═════ DATA SECTION

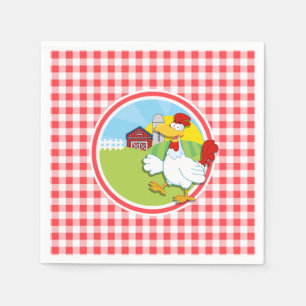 Farm Chicken; Red and White Gingham Napkin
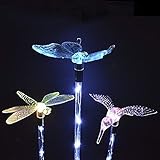 ArtDIY Solar Lights Outdoor Garden Decorative - 3 Pack Solar Lights with Butterfly,Hummingbird,Dragonfly, Multi-Color Changing LED Outdoor Solar Stake Lights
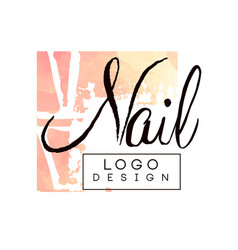 Nail logo design element for nail bar manicure Vector Image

══════════

Type the material out again exactly. Skip the pictures.

 Farm Chicken; Red and White Gingham Napkin
 ArtDIY Solar Lights Outdoor Garden Decorative - 3 Pack Solar Lights with Butterfly,Hummingbird,Dragonfly, Multi-Color Changing LED Outdoor Solar Stake Lights
 Nail logo design element for nail bar manicure Vector Image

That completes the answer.